I have some pretty conservative views, mainly that I am in favor of small government. This makes me question the self-proclaimed "good guys" who think that our fearless (draft-dodging, deserter in a time of war) leader can do no wrong, and that he represents their so-called conservative perspectives. I hate to break it to you, but Bush is NOT a conservative! All he is is a fundamentalist, which is probably enough for most of you (who are inclined to believe the propaganda machine like good, obedient little sheep), but BIG government is NOT a conservative value. I guess I am the only TRUE conservative in here! Here is an article from ABC news:
The Era of Big Government...Is Back?
By Jake Tapper
W A S H I N G T O N, Sept. 22? In the midst of debate about the additional $87 billion President Bush has requested for operations in Iraq, last week his administration announced the creation of more government jobs at the Commerce Department.
As promised, on a Labor Day swing through bellwether state Ohio, Bush announced the creation of a commerce assistant secretary for manufacturing. Secretary of Commerce Don Evans also said that his department would also create an office of industry analysis as well as an unfair trade practices team.
For many fiscal conservatives, the moves were disappointing, but not surprising. Under Bush, they say, the era of big government is back.
As a presidential candidate, then-Gov. Bush had strong words on the subject of big government. "Big government is not the answer," he said in his nomination acceptance speech at the Republican convention on August 13, 2000. "I trust people; I don't trust the federal government," he said in an October 17, 2000, debate with then-Vice President Al Gore.

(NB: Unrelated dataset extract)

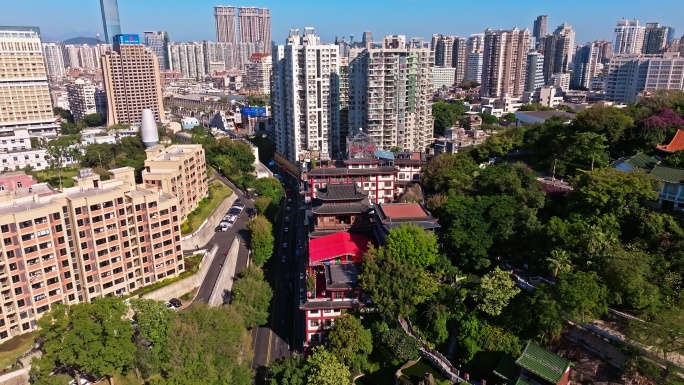 福建厦门鸿山寺航拍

But President Bush's record indicates quite a different view. On the size of government, a recent study by New York University and the Brookings Institution shows there are 1 million more actual government workers today than in 1999. That brings the total to more than 12 million ? the most since the Cold War ended.
"If Bush managed the Texas Rangers like he's managing government, you'd just see this whole group of people on the field including lots and lots of coaches and deputy coaches and under-deputy coaches and assistant deputy coaches ? but you wouldn't be winning very many baseball games," said Paul C. Light, who authored the NYU/Brookings report.
Cost of Government Also Up
President Clinton declared the "era of big government is over," but the report notes that "some of the post-1999 growth occurred in the final year of the Clinton administration."
However, the report states, "most of the 1.1 million new on- and off-budget jobs appear to reflect increased spending since the Bush administration entered office. Many of these jobs have been added at agencies involved in the war on terrorism, but many have also been added at domestic agencies such as Health and Human Services."
And it's not just the size ? the cost of government is also up. Discretionary spending on transportation and other non-military items increased by 21 percent under Bush. The taxpayer watchdog group Citizens Against Government Waste also says pork barrel spending is up 48 percent since 2001.
The Congressional Budget Office has projected deficits totaling $1.5 trillion over the decade. While the conservative Heritage Foundation recently blamed a poorly performing economy, the president's tax cuts, and increases in defense spending as having factored into these unprecedented deficits, it also concluded that "one cannot overlook the largest domestic spending spree since the Great Society."
Actions Don?t Match Words
While Bush constantly calls upon Congress to exhibit fiscal restraint, political observers say he has yet to truly push the issue.
At around this time in his presidency, Ronald Reagan had vetoed 22 spending bills. Bush has vetoed none.
Some growth in the government work force is in response to the Sept. 11, 2001, attacks. But the fastest growth is in jobs, not spending related to defense and terrorism.
Fiscal conservatives are disappointed in the president.
"President Bush's actions haven't matched his words," says Chris Edwards, director of fiscal policy for the Cato Institute, a libertarian think tank. "In fact, he has asked for very large spending increases in areas like education and farm subsidies, transportation and veterans' affairs, and of course defense."
?Like a Man With a Week to Live?
"In general, Bush has been spending money like a man with a week to live," wrote National Review columnist Jonah Goldberg in a recent column. "The GOP-led Congress deserves some blame, too. But even when they overspend above his overspending, Bush refuses to use his veto power."
Conservative writer Andrew Sullivan recently wrote that, "if we don't cut spending drastically and reform entitlements, we're going to be crushed by taxation in the not-so-distant future."
Soon, Bush is expected to sign prescription drug legislation ? the biggest government health care program since the 1960s. After that will come a major federal highway bill.